___ DATA SEGMENT ___
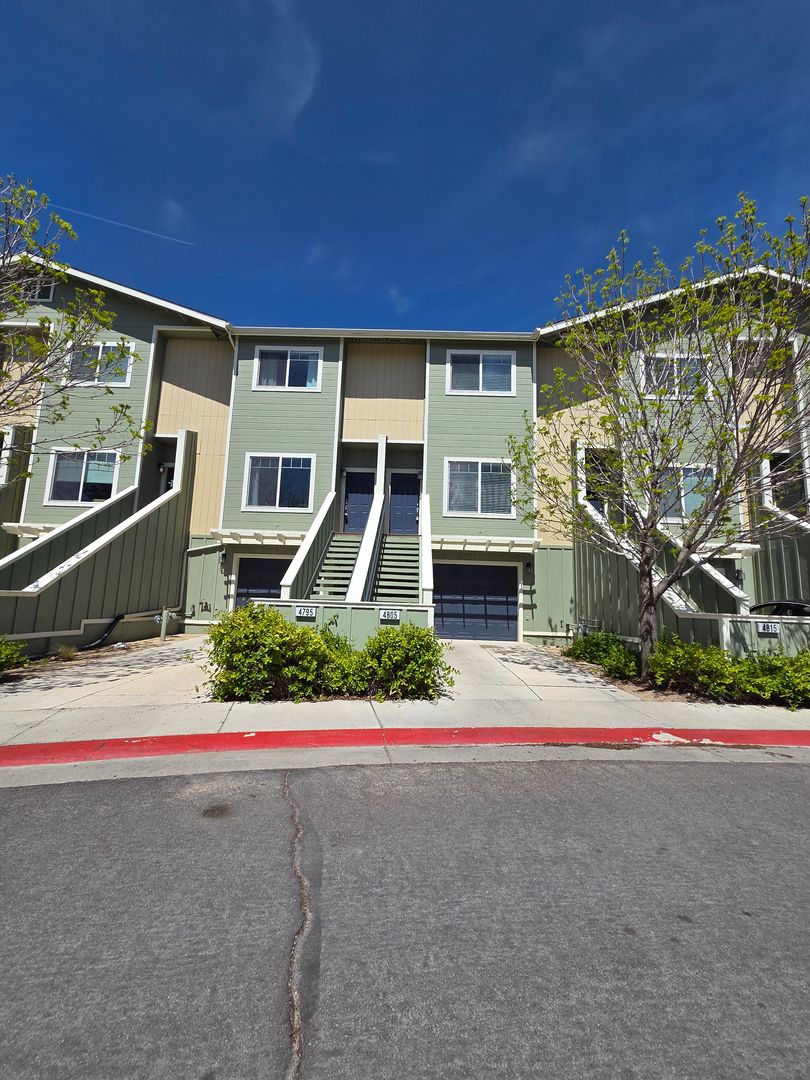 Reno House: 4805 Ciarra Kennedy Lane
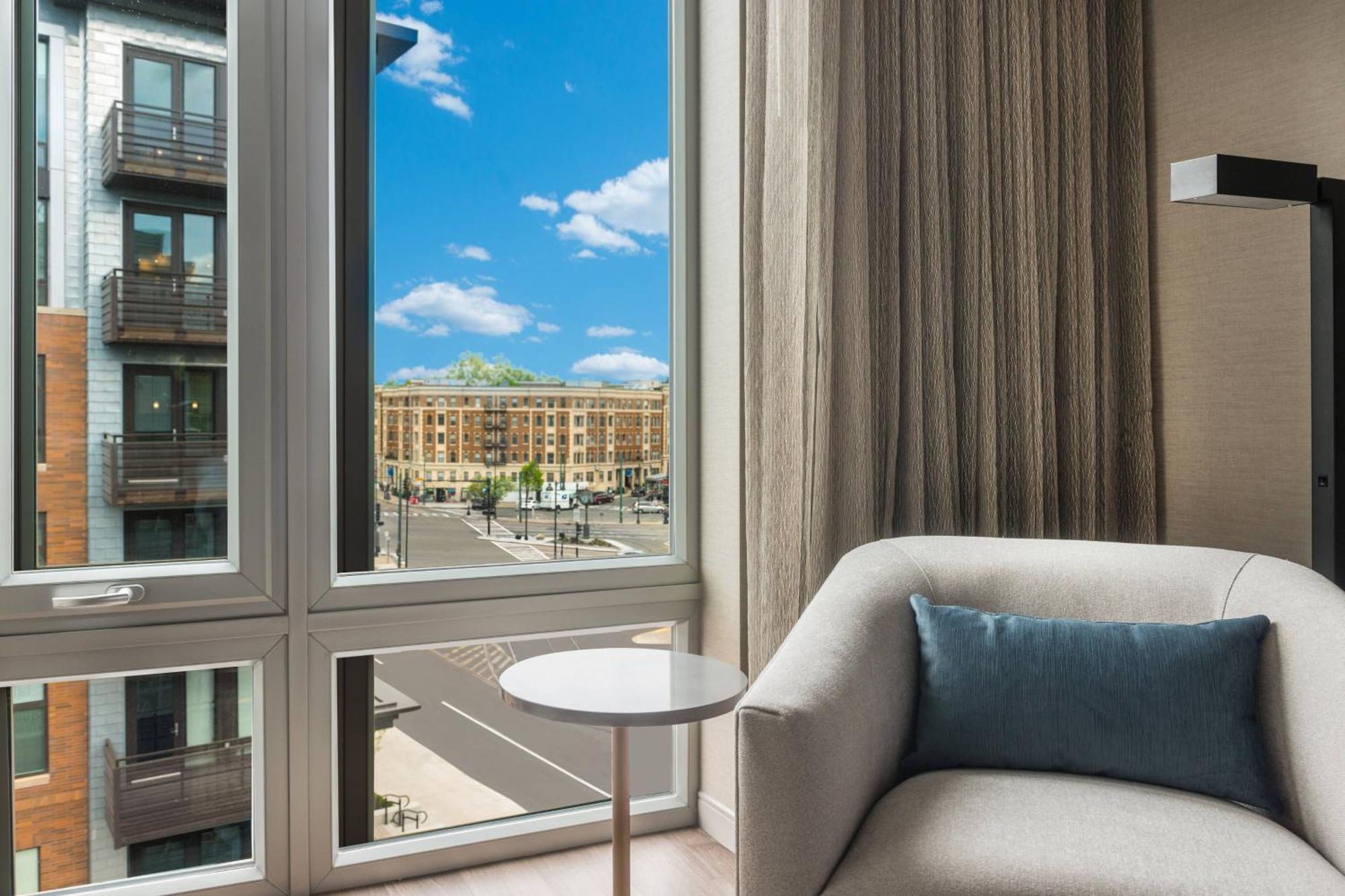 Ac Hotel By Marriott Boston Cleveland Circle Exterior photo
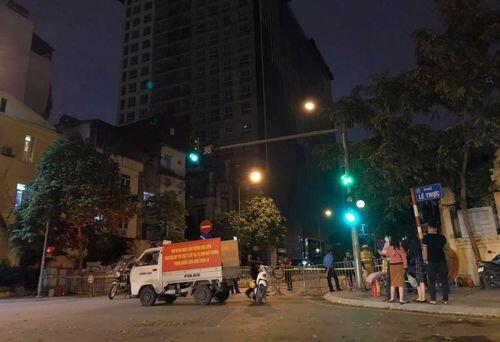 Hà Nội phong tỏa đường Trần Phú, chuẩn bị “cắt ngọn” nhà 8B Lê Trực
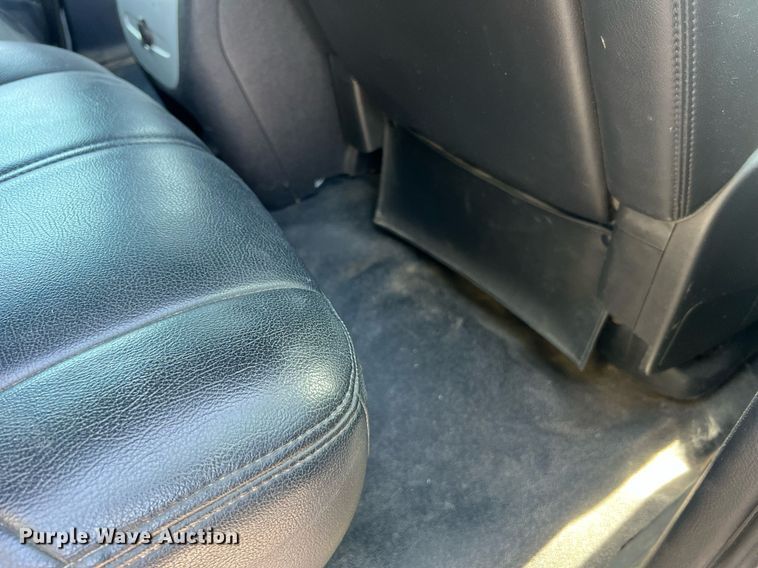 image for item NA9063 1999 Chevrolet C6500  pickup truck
___
- **EXERCISE INSTRUCTIONS**
Each line above is to be transcribed exactly, though its pictures are not.

- **OUTPUT FOR THIS EXERCISE**
 Reno House: 4805 Ciarra Kennedy Lane
 Ac Hotel By Marriott Boston Cleveland Circle Exterior photo
 Hà Nội phong tỏa đường Trần Phú, chuẩn bị “cắt ngọn” nhà 8B Lê Trực
 image for item NA9063 1999 Chevrolet C6500  pickup truck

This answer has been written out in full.